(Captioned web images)
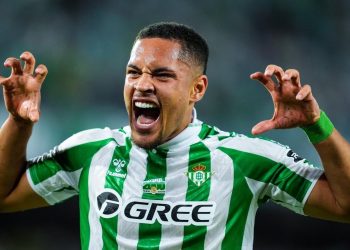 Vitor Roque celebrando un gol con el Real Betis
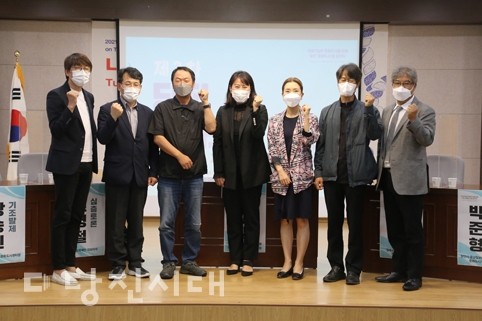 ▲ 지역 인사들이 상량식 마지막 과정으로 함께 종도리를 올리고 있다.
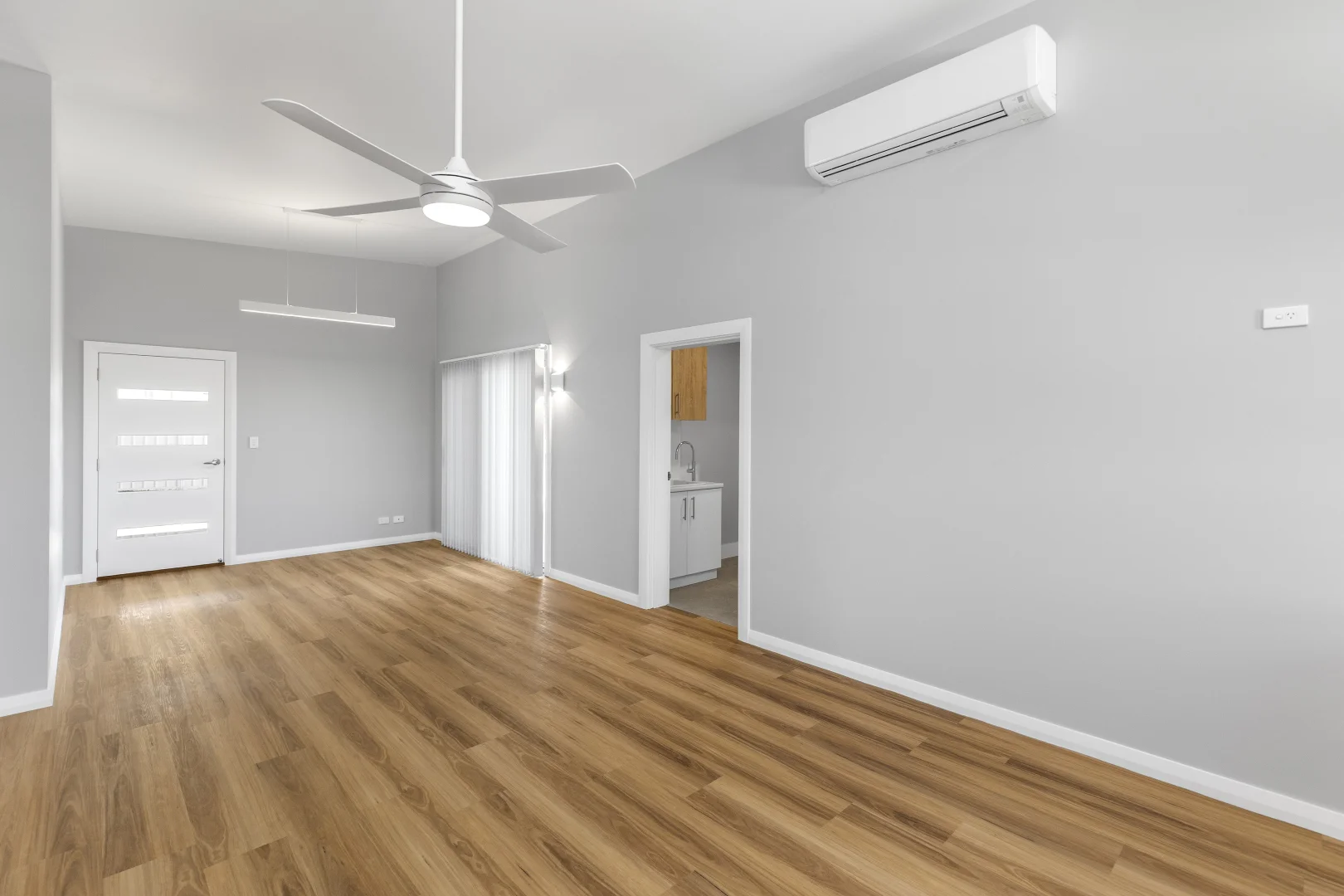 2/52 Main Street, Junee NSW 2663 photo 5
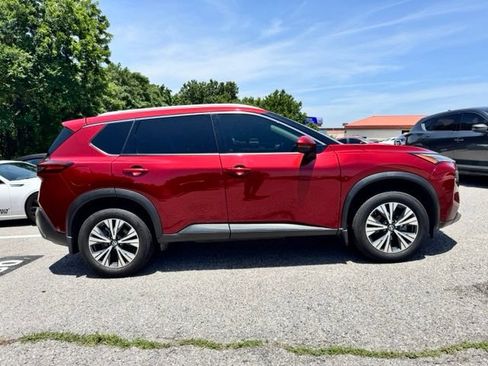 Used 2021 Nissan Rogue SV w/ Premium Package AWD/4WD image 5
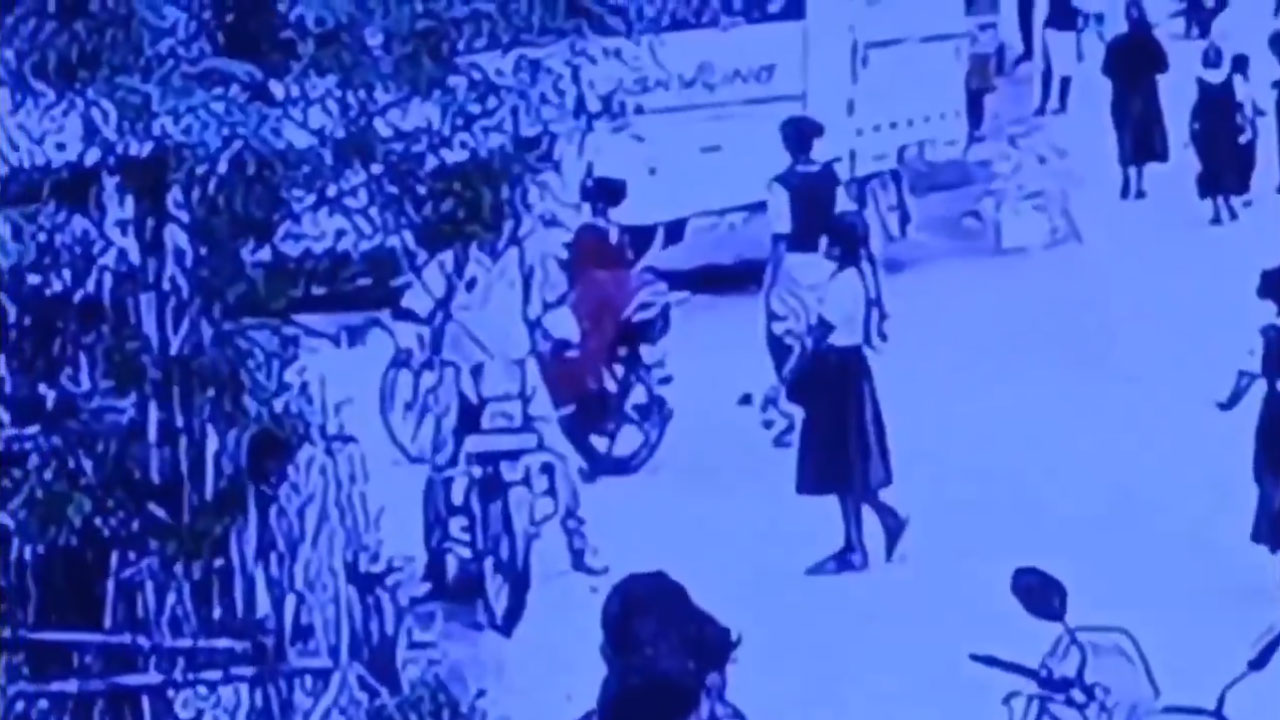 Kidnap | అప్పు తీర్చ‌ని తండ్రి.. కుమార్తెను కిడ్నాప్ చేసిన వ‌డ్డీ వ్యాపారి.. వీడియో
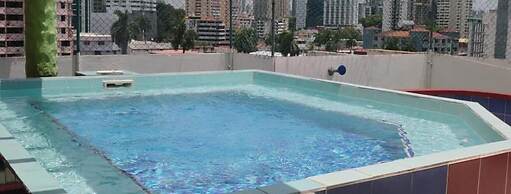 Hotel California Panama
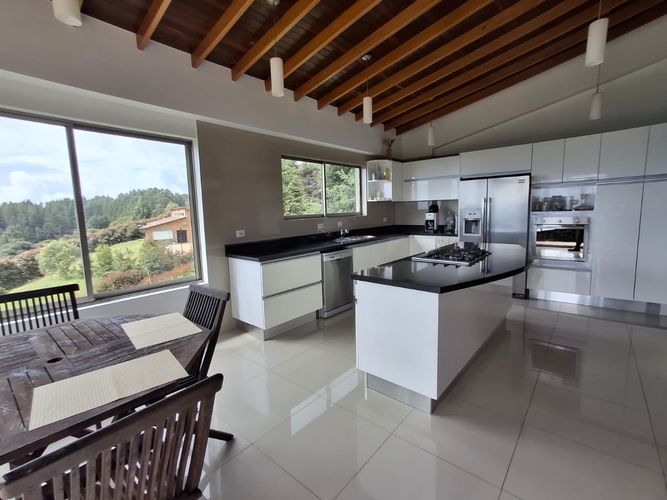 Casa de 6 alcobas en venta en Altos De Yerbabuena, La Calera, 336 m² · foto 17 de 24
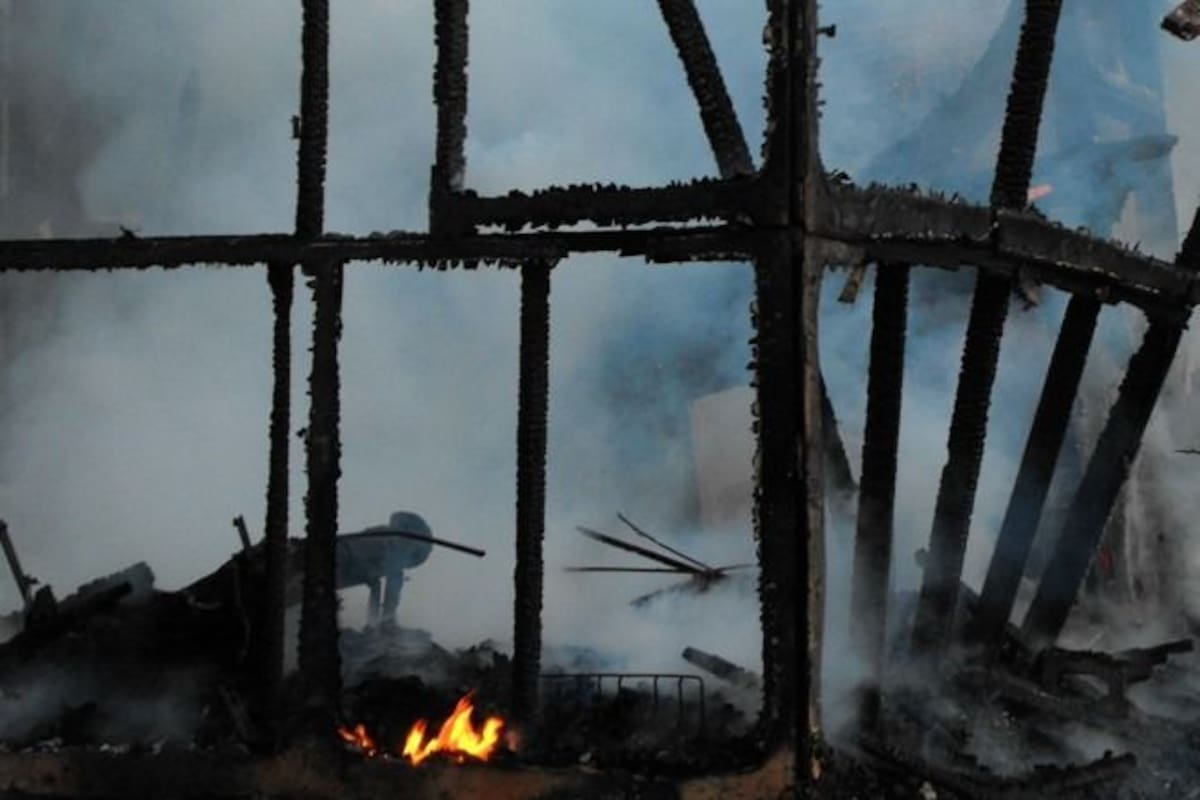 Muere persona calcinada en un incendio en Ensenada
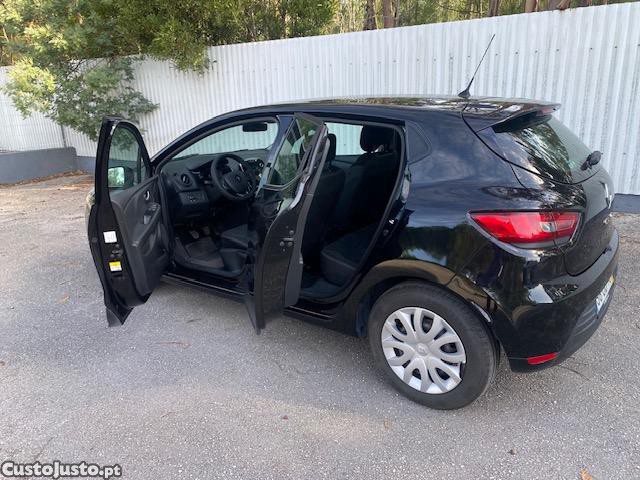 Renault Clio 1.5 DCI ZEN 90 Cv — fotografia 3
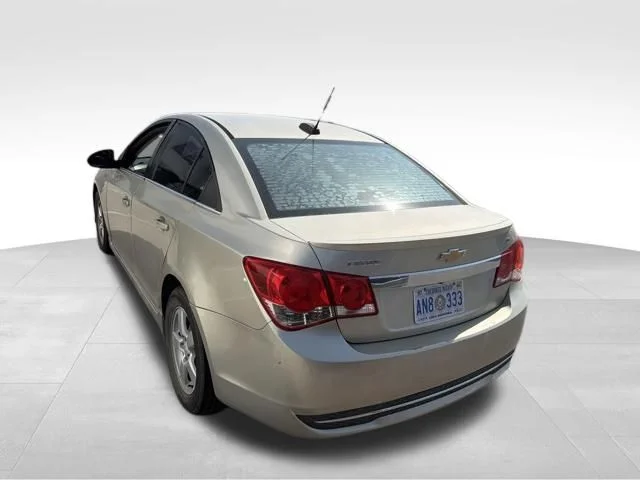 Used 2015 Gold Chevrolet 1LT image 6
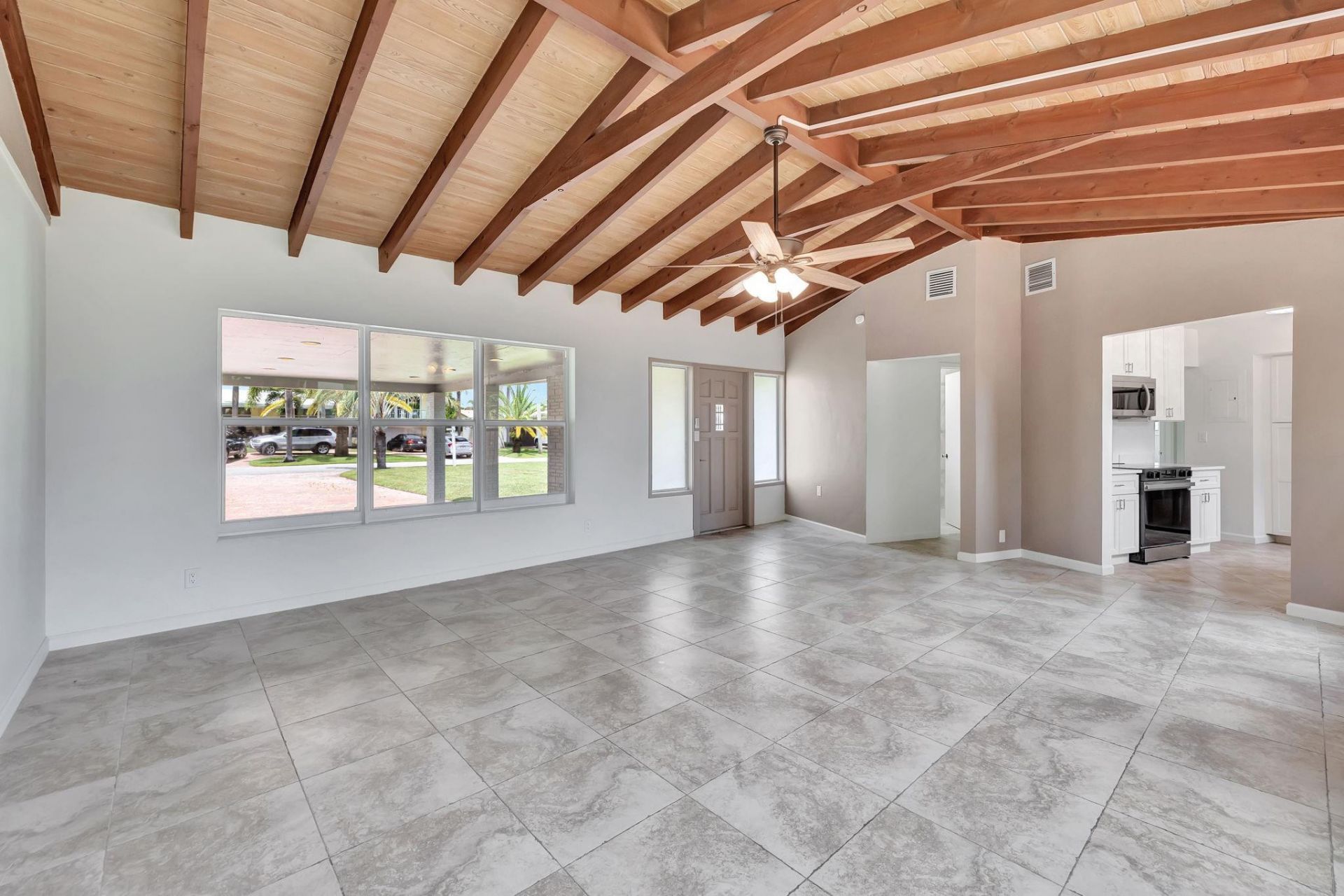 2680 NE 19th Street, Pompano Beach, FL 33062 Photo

▶ DIRECTIONS FOR THIS TASK
Repeat word for word the lines starting at the one with "Hotel California Panama" and ending at the final line of the records above, both included; no pictures.

▶ SOLUTION
 Hotel California Panama
 Casa de 6 alcobas en venta en Altos De Yerbabuena, La Calera, 336 m² · foto 17 de 24
 Muere persona calcinada en un incendio en Ensenada
 Renault Clio 1.5 DCI ZEN 90 Cv — fotografia 3
 Used 2015 Gold Chevrolet 1LT image 6
 2680 NE 19th Street, Pompano Beach, FL 33062 Photo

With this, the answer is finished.